Exactly and only the lines from the line holding "Dutch Backlinks Kopen" to the end of the records should be reproduced. Leave pictures out.

^^^^^^^^

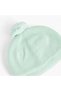 Baby Knitted Beanie with Pom Pom Detail - Cotton - 4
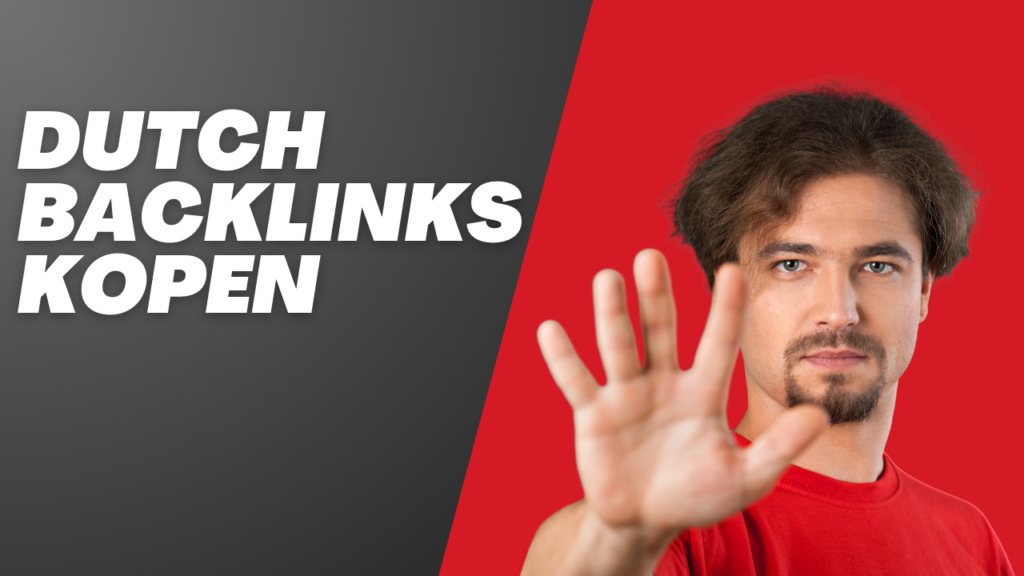 Dutch Backlinks Kopen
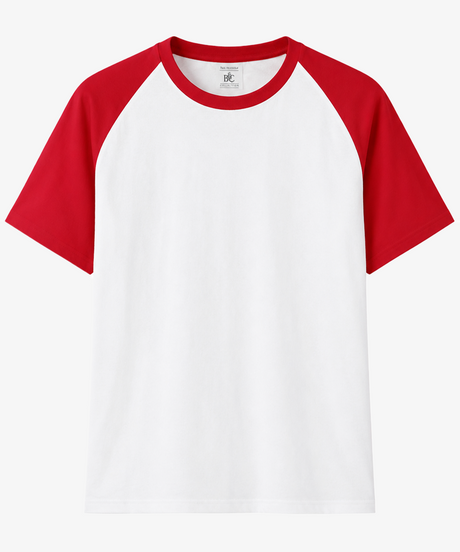 Personalised Kids Baseball T Shirt
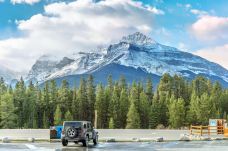 冰原大道-Improvement District No. 9-doris圈圈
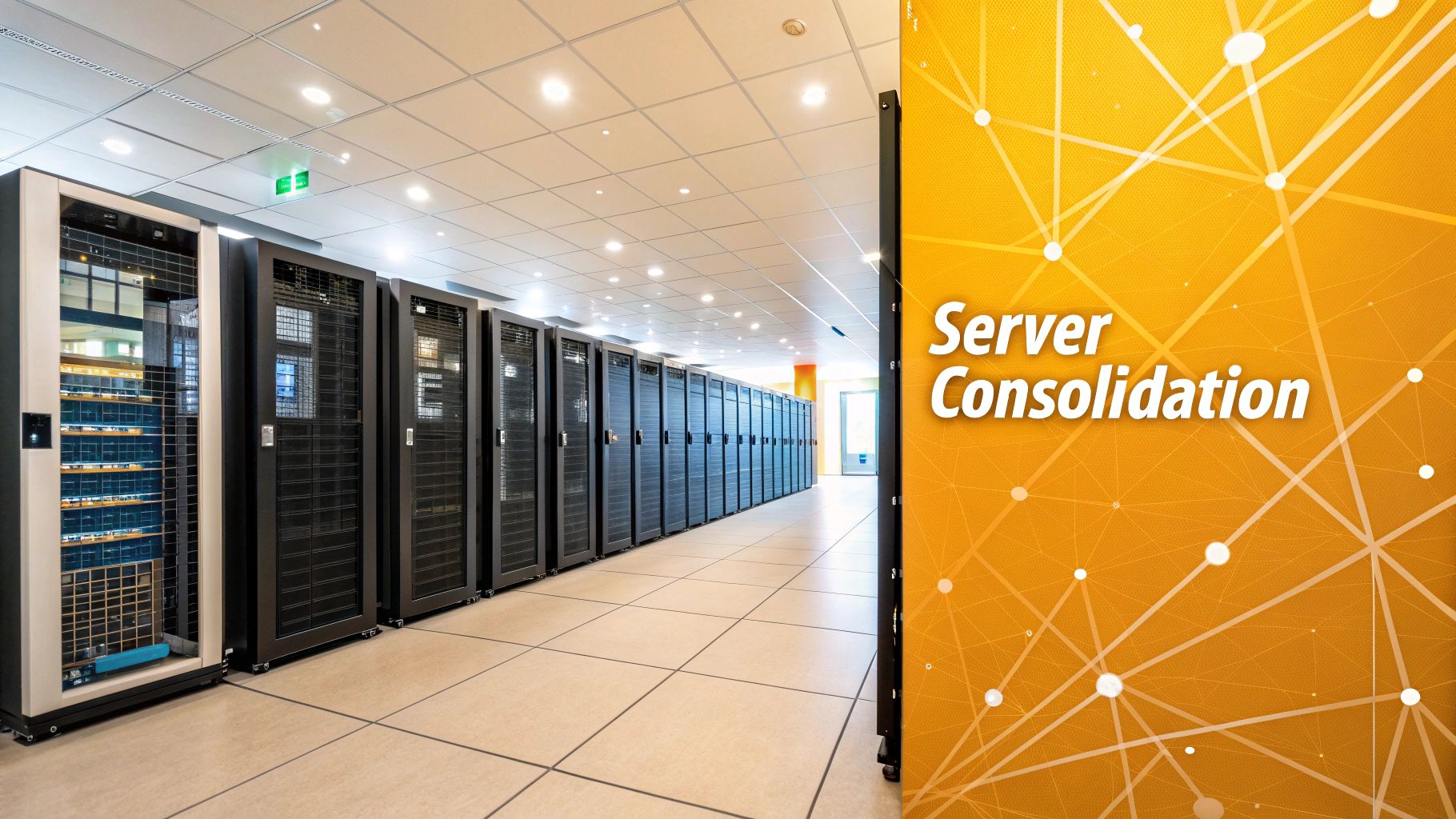 IT Infrastructure Consolidation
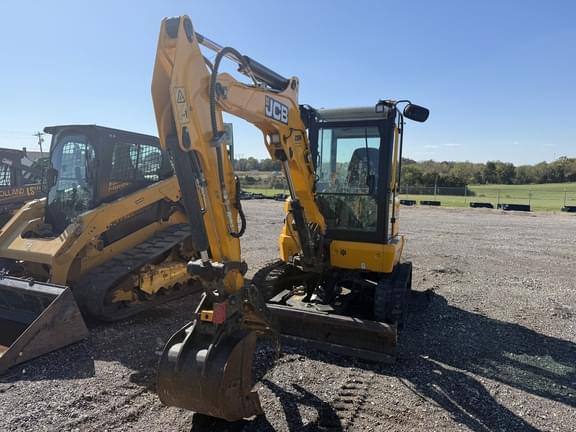 Image of JCB 35Z-1 equipment image 4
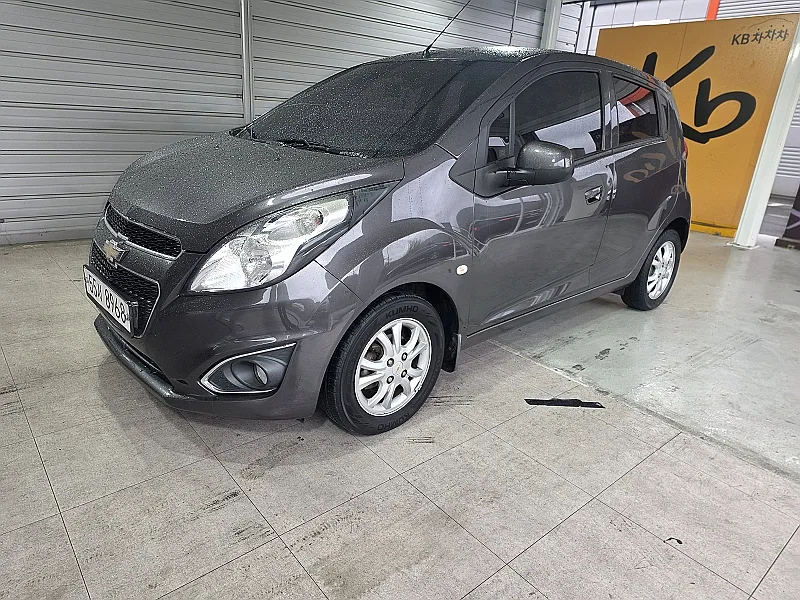 2015 Chevrolet Spark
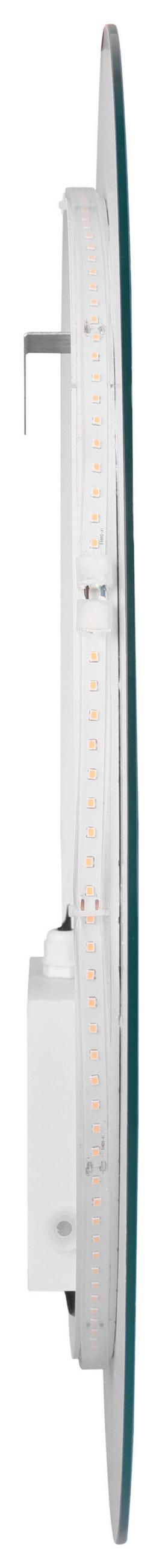 BADEZIMMERSPIEGEL 100/100/2,6 cm  - MODERN, Glas (100/100/2,6cm)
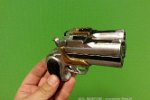Le Visiteur du Futur - Pistolet Octave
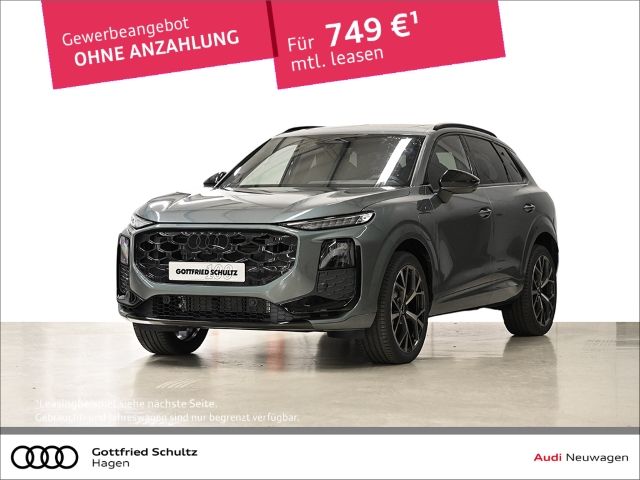 Audi Q3 e-hybrid S line Matrix+Pano+AHK+HUD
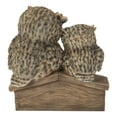 thumbnail image 4 of Panneau de Bienvenue Mère & Bébé Hibou, 4 of 5
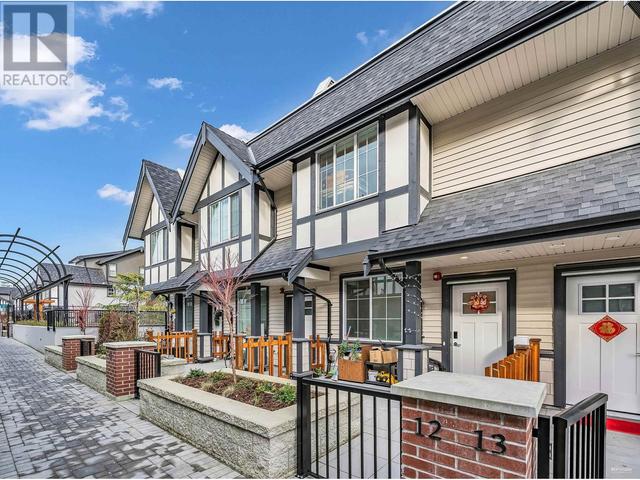12 - 8888 Spires Road, House attached with 3 bedrooms, 3 bathrooms and 1 parking in Richmond BC | Image 22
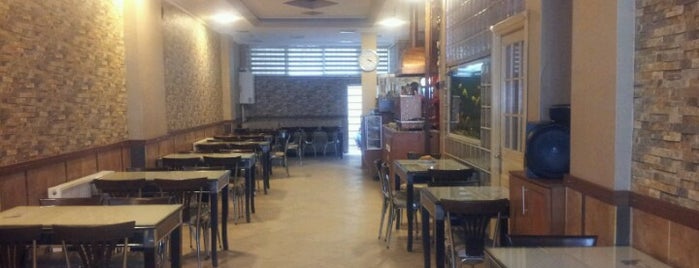 Cafe Babacan is one of Lugares favoritos de Bilal.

^^^^^^^^

[SOLUTION TO THIS EXERCISE]
 Dutch Backlinks Kopen
 Personalised Kids Baseball T Shirt
 冰原大道-Improvement District No. 9-doris圈圈
 IT Infrastructure Consolidation
 Image of JCB 35Z-1 equipment image 4
 2015 Chevrolet Spark
 BADEZIMMERSPIEGEL 100/100/2,6 cm  - MODERN, Glas (100/100/2,6cm)
Le Visiteur du Futur - Pistolet Octave
 Audi Q3 e-hybrid S line Matrix+Pano+AHK+HUD
 thumbnail image 4 of Panneau de Bienvenue Mère & Bébé Hibou, 4 of 5
12 - 8888 Spires Road, House attached with 3 bedrooms, 3 bathrooms and 1 parking in Richmond BC | Image 22
 Cafe Babacan is one of Lugares favoritos de Bilal.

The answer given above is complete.